How courageous then are people who can mine their own post-grad experience to speak plainly about students’ future. “Life will be dull and only an active mind will relieve it” they say, or “If you really want to succeed, don’t believe your own press,” or “Everyone says you are the hope for the future and barely mean it, but, sorry, it’s true. Don’t screw up.”
Three times I’ve stood at that podium and said something less than I might have. I could have offered subtler, more insightful advice, confessed more doubt, and grappled more vigorously with the troublesome inevitability of disappointment.
So I’ve written the speech I never will (and never would) deliver:
Graduates, it’s an honor to speak today. Thank you… I mean it. I’m humbled standing here, overwhelmed by your faith I have a valuable message to impart. I’m not so sure, however, and this address will be shorter than you imagined. It requires attention perhaps impossible on such an exciting day. Nonetheless, here I go.
You should be proud of the accomplishment we’re celebrating today… but don’t be too proud. Ambition and personal progress aren’t everything. Watching you these four years has inspired hope… but also frustration. Sometimes I worry you don’t see this beautiful world as clearly as you should, and that, if you don’t lift your eyes from screens and start looking soon, you may spend a lifetime wandering among the clutter of possessions, degrees, school names, and job titles you laud as life’s treasure. I worry you may look up from amusements and discover the world spoiled… or gone.
I’ve heard you use the expression “Being real.” In our time, nothing is harder. I’ve lost my way enough to believe landmarks proffered by society are unreliable. Marketers advertise days like this as milestones when, really, your ordinary hours count more.
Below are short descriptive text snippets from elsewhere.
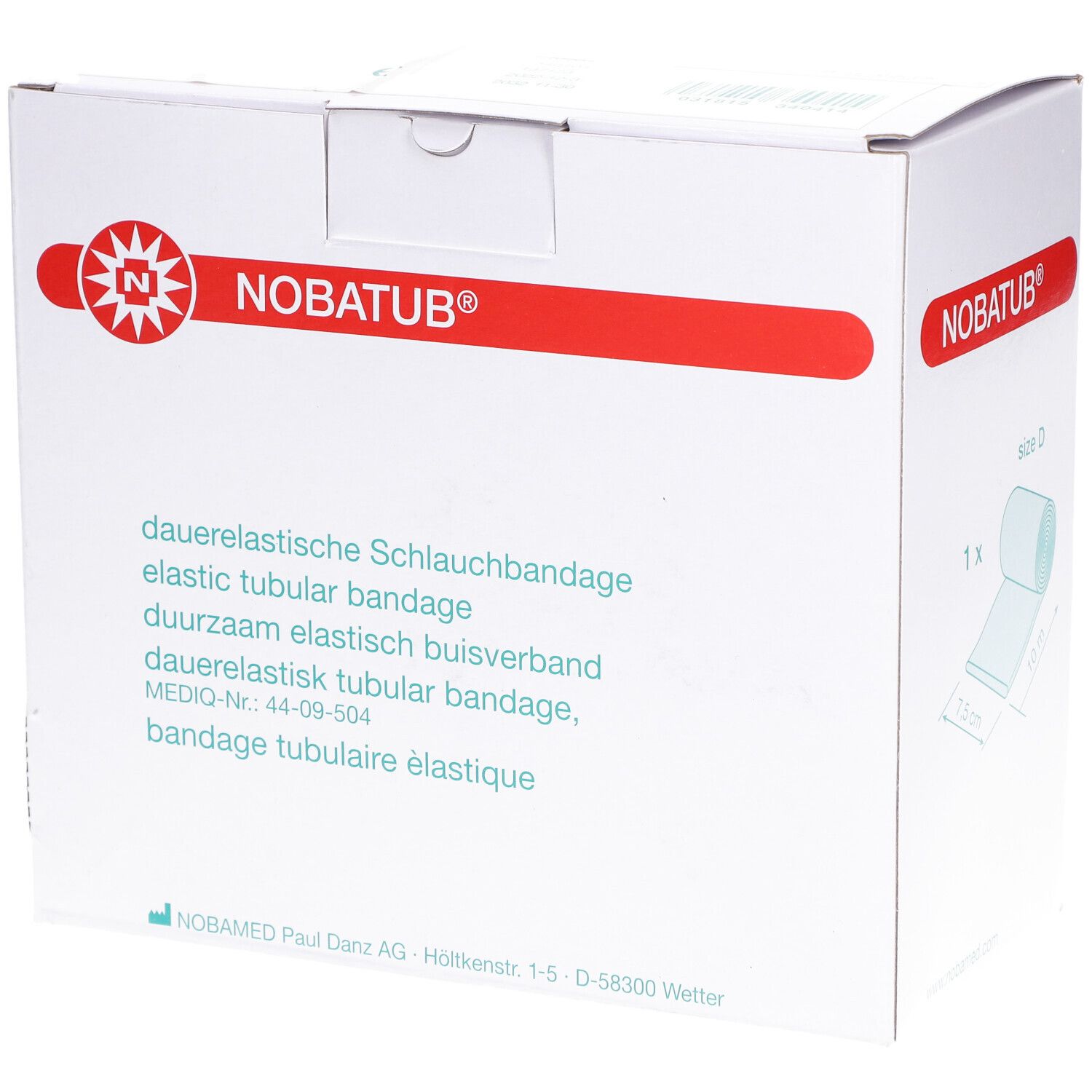 Noba Nobatub D 7,5cmx10m 9580650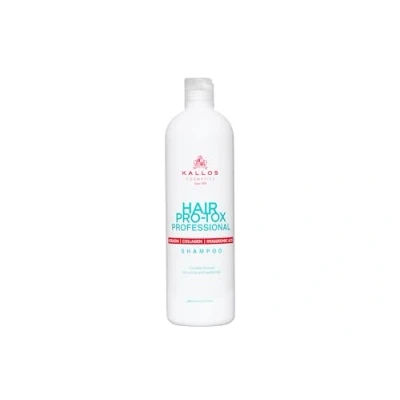 Image of Kallos KJMN Hair Pro tox Shampoo with Keratin, Collagen and Hyaluronic Acid 500 ml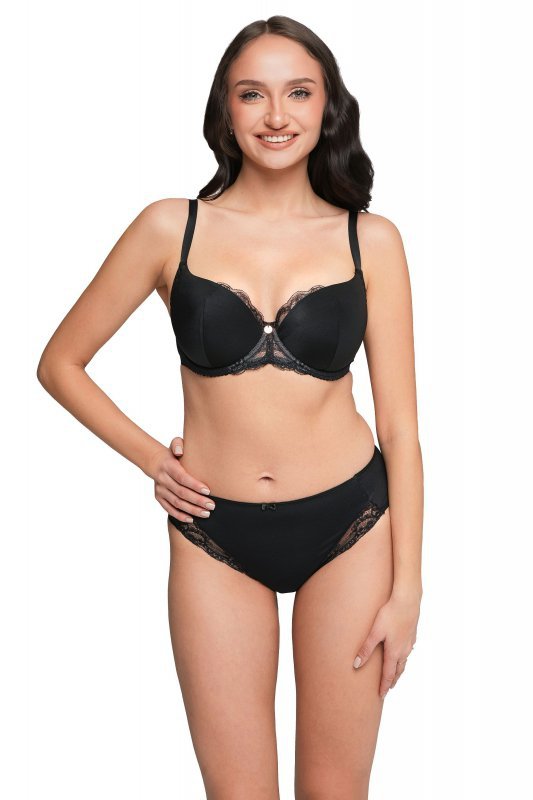 Ava Biustonosz balkonetka 2256 czarny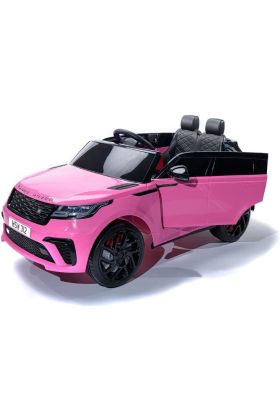 Auto Elettrica Macchina per Bambini RANGE ROVER VELAR 12V-Rosa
With every petty triumph and mishap you fashion the internal compass to guide you. You are your habits.
My colleagues and I have such deep hopes for you. You may have cursed us at times, but our affection explains why we’ve asked so much of you. We wanted to teach you to think, and some of you have learned well. Others act the part, swinging between doing what looks good and what’s sincere and earnest. That’s okay. I act too. We have to sometimes, and, in dark moments, everyone wonders what’s real and true.
Everything real and meaningful to me started with asking, “What matters?” I’ve occasionally wanted to hand you the list I’ve compiled, but you will create your own.
I request just one more thing before you leave. Make your list deliberately and thoughtfully and with the highest purpose. The world doesn’t need more lazy opinion, more pretense, more snarky irony, more secret contempt, more misanthropy, more hollow love or name-only friendship. It doesn’t need more aloofness, more consumption for consumption’s sake, more self-absorption or self-congratulation.
It needs us awake and alive, grateful and caring, modest and sensitive. It needs real attention, affection, and aspiration. Graduates, what’s ahead isn’t easy, but, if you lift your head and open your eyes, I promise life will be more glorious than you can imagine even on this, a most glorious day.
I know one of our graduates really well—my daughter. I’m sure she’s happy I won’t be troubling her class with my worries. And I’m happy to leave the day to her… generally. I feel only the slightest twinge of regret, the usual fed-up end-of-the-year urge to issue one last challenge.
But instead I’ll just say, “Godspeed, all.”